TASK ITEM
Restate word for word only the lines running from the one with "Guess borsa a" to the end of the data, both ends included. Omit any pictures.

SUPPLIED INFORMATION: Begin

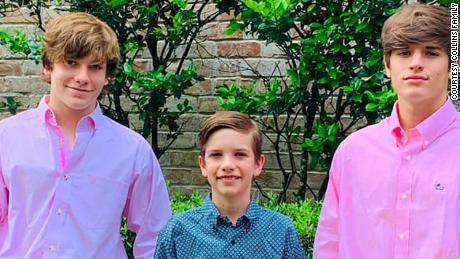 From left, Carson Collins, 16, Hudson Collins, 11, and Waylon Collins, 18.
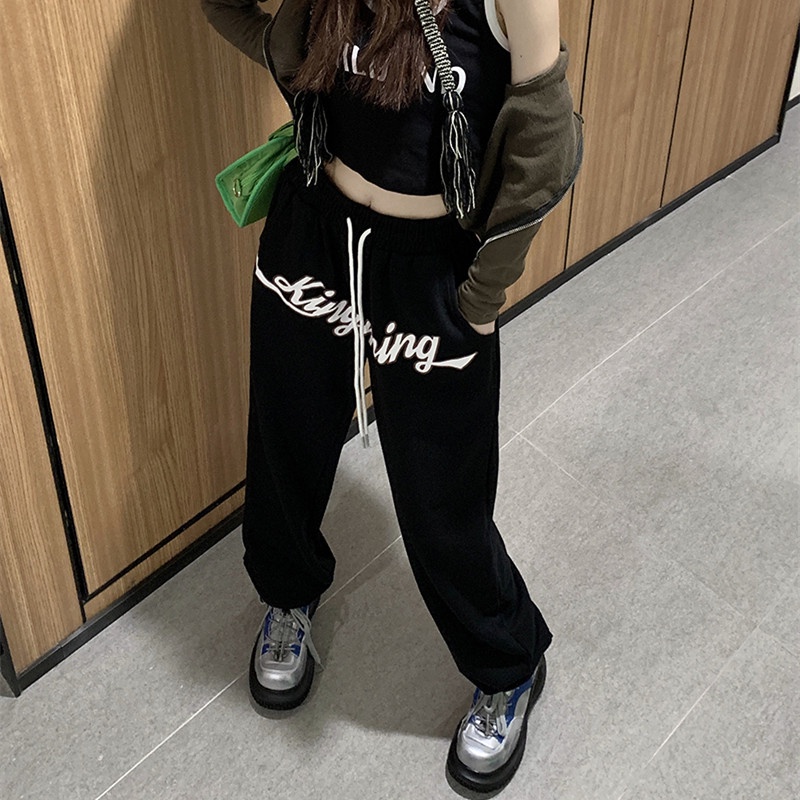 Quần Thể Thao Lưng Cao Ống Rộng In Họa Tiết Thời Trang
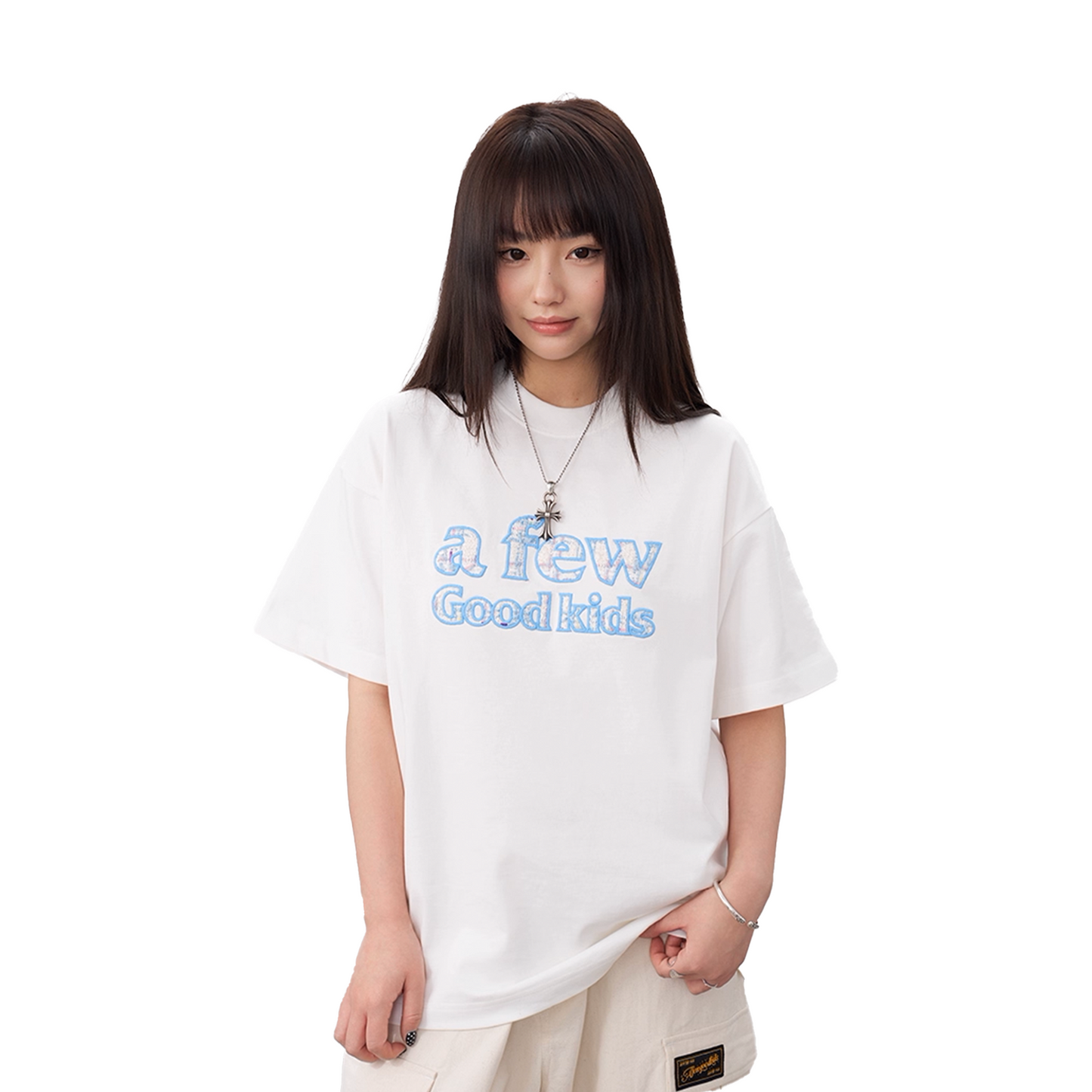 a few Good kids Contrast Colour Patchwork Short Sleeved Tee White (SS25)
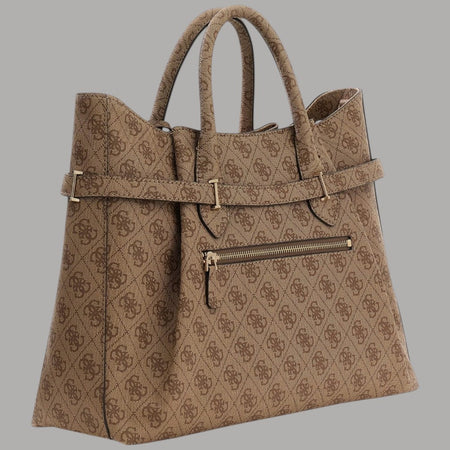 Guess borsa a mano Yesba latte con tracolla e logo dorato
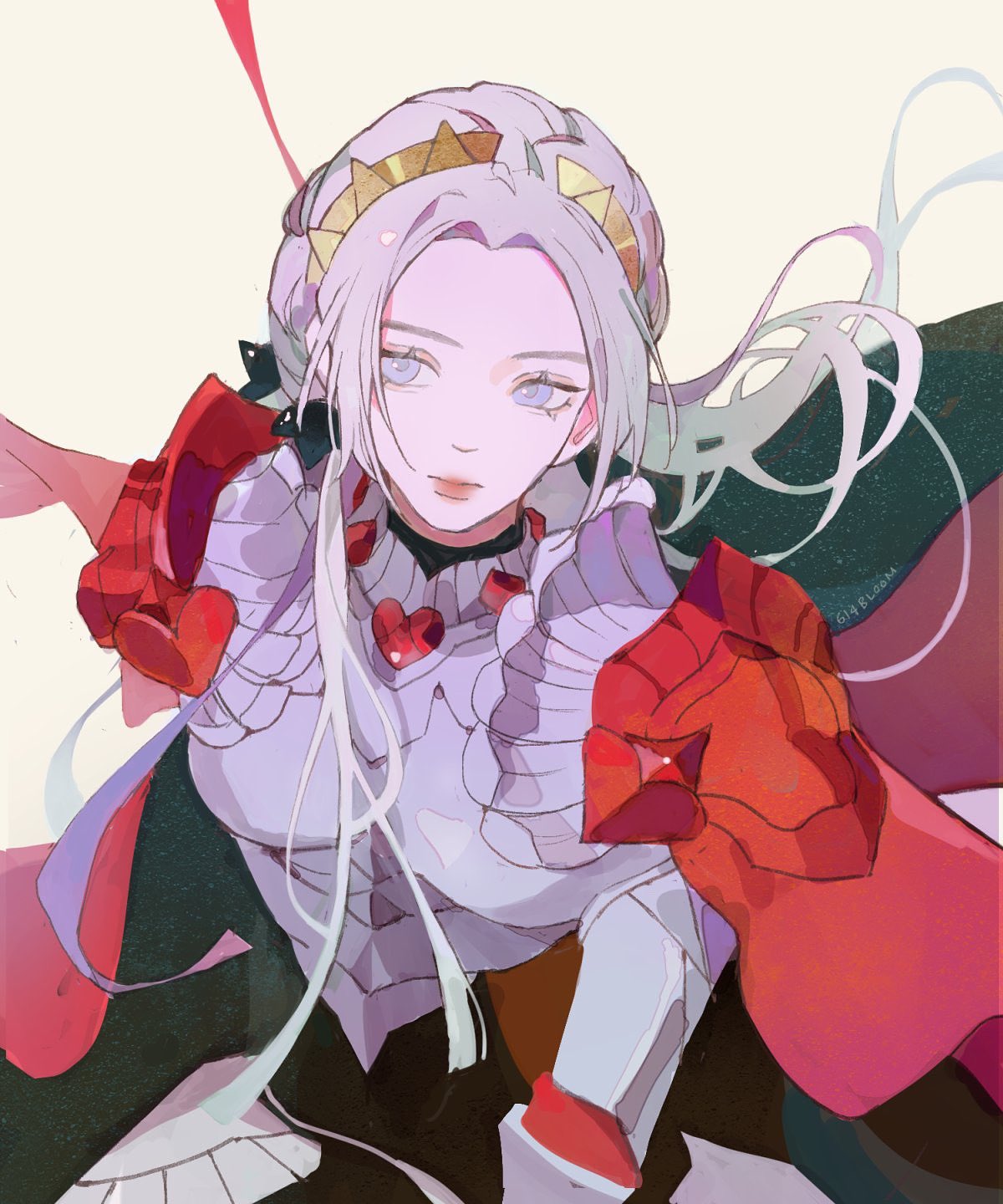 1girl alternate_hairstyle armor artist_request axe breastplate breasts cape edelgard_von_hresvelg fire_emblem fire_emblem:_three_houses fire_emblem_warriors:_three_hopes gloves hair_ornament hair_ribbon highres long_hair looking_at_viewer official_alternate_costume red_cape ribbon simple_background solo violet_eyes weapon white_hair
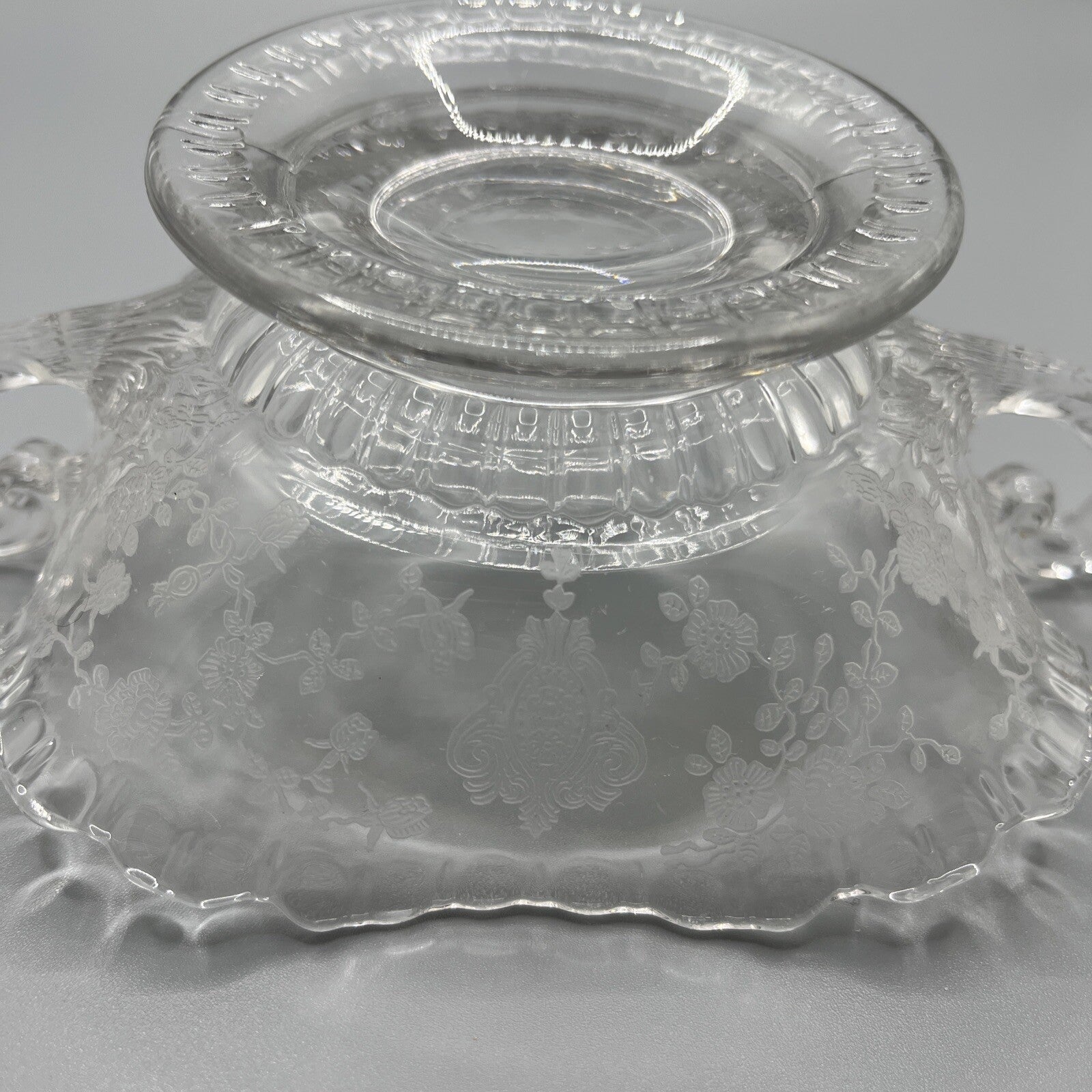 VINTAGE CAMBRIDGE GLASS ROSE POINT ETCH CANDY DISH ELEGANT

SUPPLIED INFORMATION: End

THE COMPLETED TASK
 Guess borsa a mano Yesba latte con tracolla e logo dorato
 1girl alternate_hairstyle armor artist_request axe breastplate breasts cape edelgard_von_hresvelg fire_emblem fire_emblem:_three_houses fire_emblem_warriors:_three_hopes gloves hair_ornament hair_ribbon highres long_hair looking_at_viewer official_alternate_costume red_cape ribbon simple_background solo violet_eyes weapon white_hair
 VINTAGE CAMBRIDGE GLASS ROSE POINT ETCH CANDY DISH ELEGANT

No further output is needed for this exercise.